Didattica Attiva, Esperienziale, Interdisciplinare

Per un apprendimento ‘vivenciale’, incarnato, significativo

L’Educazione Biocentrica si basa sulla concezione dell’esperienza del vivere come processo permanente di formazione. Gli aspetti qualificanti un contesto di apprendimento alla vita rivelano la necessità di integrare nuovi assunti metodologico-didattici che mirino a favorire lo sviluppo integrale e il benessere del bambino. Ciò si traduce nell’incorporare nuovi contenuti programmatici alla pratica educativa e didattica, che permettano di far vivere al bambino la propria autenticità, che valorizzino il suo sentire, i suoi desideri e bisogni, la sua unicità e originalità. 

Tale approccio innovativo alla didattica è orientato allo sviluppo di un apprendimento ‘vivenciale’, ossia incarnato, significativo, correlato alle funzioni elaborative complesse. E’ difficile capirne la portata per la maggior parte di noi che abbiamo incorporato un apprendimento meccanico stimolato da un approcci istruzionista – mentalista, di cui sono noti gli effetti disfunzionali sulla sfera percettivo-sensoriale interpretativa, sulla propriocezione e sullo schema corporeo.

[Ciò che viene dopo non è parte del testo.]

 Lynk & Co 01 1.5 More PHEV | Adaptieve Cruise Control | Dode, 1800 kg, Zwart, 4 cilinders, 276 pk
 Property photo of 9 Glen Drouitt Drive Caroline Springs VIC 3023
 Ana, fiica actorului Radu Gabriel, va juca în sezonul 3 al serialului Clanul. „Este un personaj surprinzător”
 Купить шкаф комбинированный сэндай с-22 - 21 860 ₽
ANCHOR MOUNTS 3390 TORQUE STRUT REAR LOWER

L’approccio didattico Biocentrico si focalizza sul bambino, suoi suoi interessi e la sua motivazione ad apprendere. Aspetti come il piacere e l’entusiasmo di esplorare con i cinque sensi, la gratificazione di condividere con i compagni vissuti personali significativi, argomenti o temi di interesse, sono occasioni preziose a nutrimento del singolo e del gruppo, e per rinforzare la molla motivazionale verso una conoscenza partecipata e condivisa, la solidarietà e la cooperazione, la sensibilizzazione verso la difesa ecologica, contrariamente agli atteggiamenti individualisti, efficientisti e antagonisti trasmessi nella maggior parte dei contesti scolastici.

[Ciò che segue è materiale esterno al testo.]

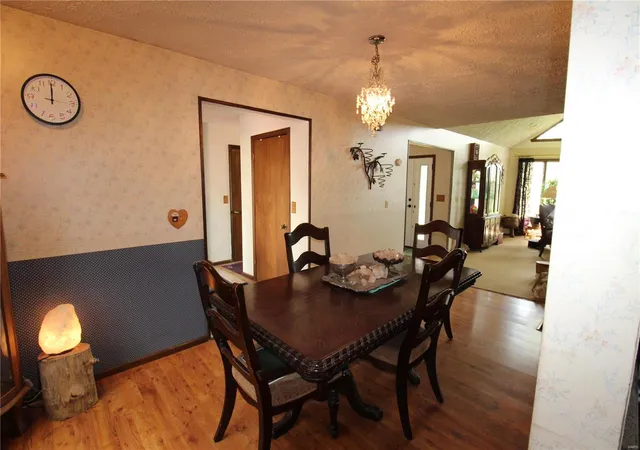 Photo 2 of Single family home for sale at 3605 County Rd 6760, West Plains, MO 65775 | MLS# 25025576 | Listing updated on 2025-04-29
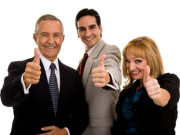 ایک اچھا باس کیسا ہونا چاہیے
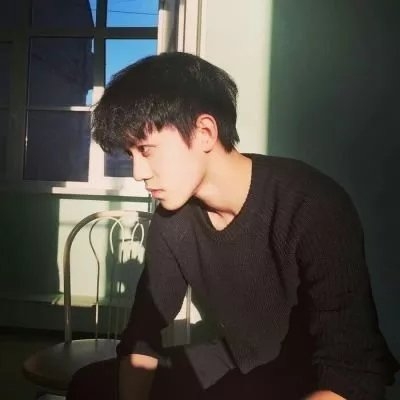 奇正的第一张照片--甘肃上门女婿服务网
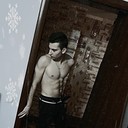  ,   , 27 ,   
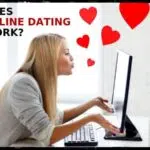 online dating sites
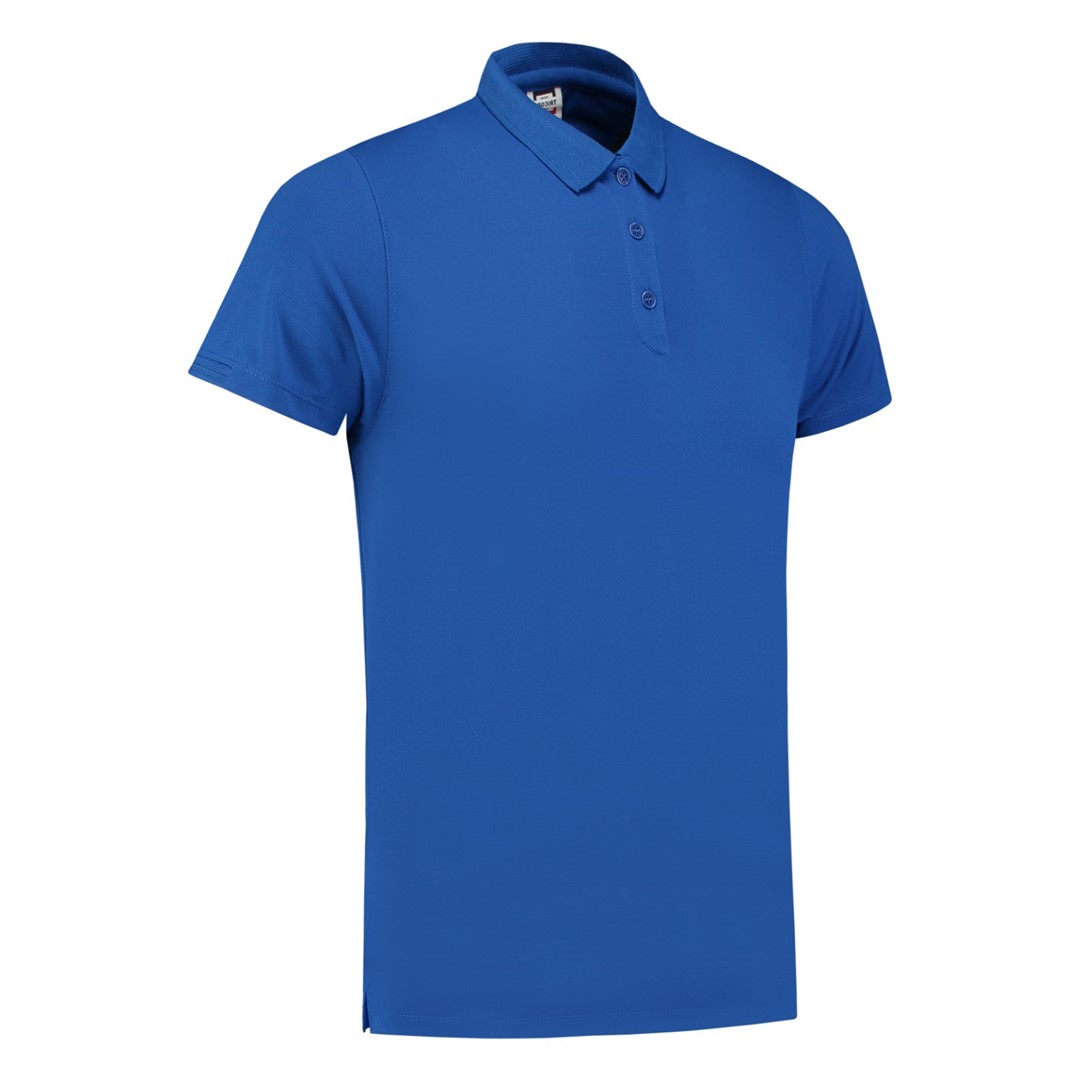 Tricorp 201013 Poloshirt Cooldry Slim Fit 5 / 5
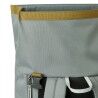 Helly Hansen Stockholm - Zaino | Hardloop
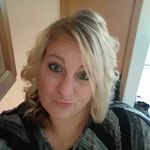 Tasha Blair Pennington - @tasha.pennington.712 - Instagram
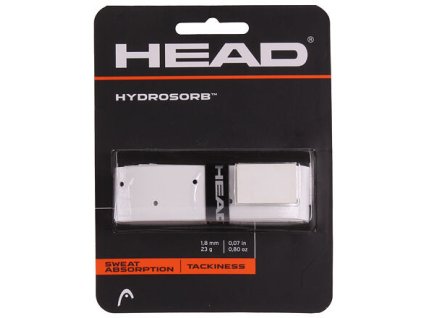 Gói trắng bọc cơ bản HydroSorb 1 chiếc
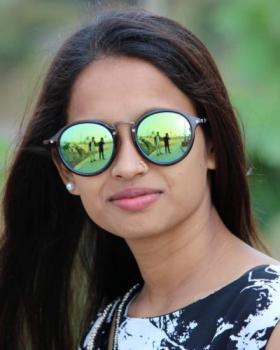 Mira - Ram portfolio image1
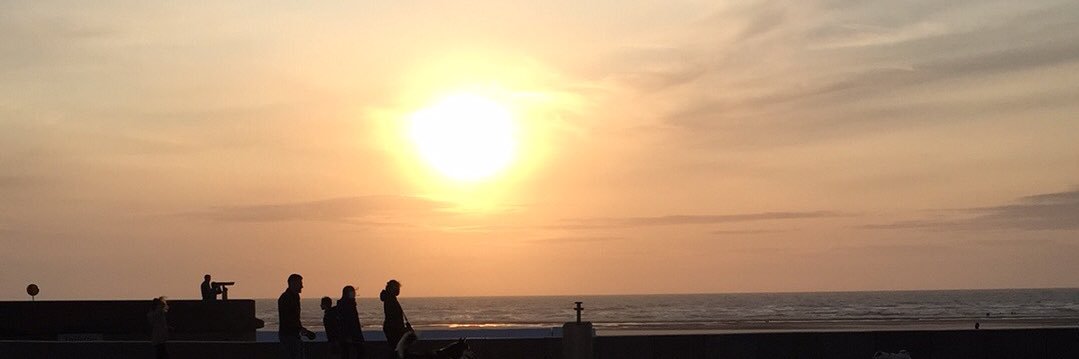 maxmadmed's profile banner image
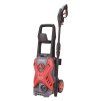 WORCRAFT HC17-090 Vysokotlakový čistič | extratech.sk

L’approccio didattico Biocentrico è orientato a favorire nei bambini una partecipazione attiva, vivace, stimolante, e a nutrire i loro bisogni evolutivi affinché diventino sempre più consapevoli di sé stessi e protagonisti dei loro processi di apprendimento.

Il bambino deve poter esprimere la propria immaginazione non ripetere schemi già fatti. Nel disegno e nella pittura deve scoprire come dipingere il movimento, l’energia vivente, sviluppando tematiche legate alle proprie esperienze personali.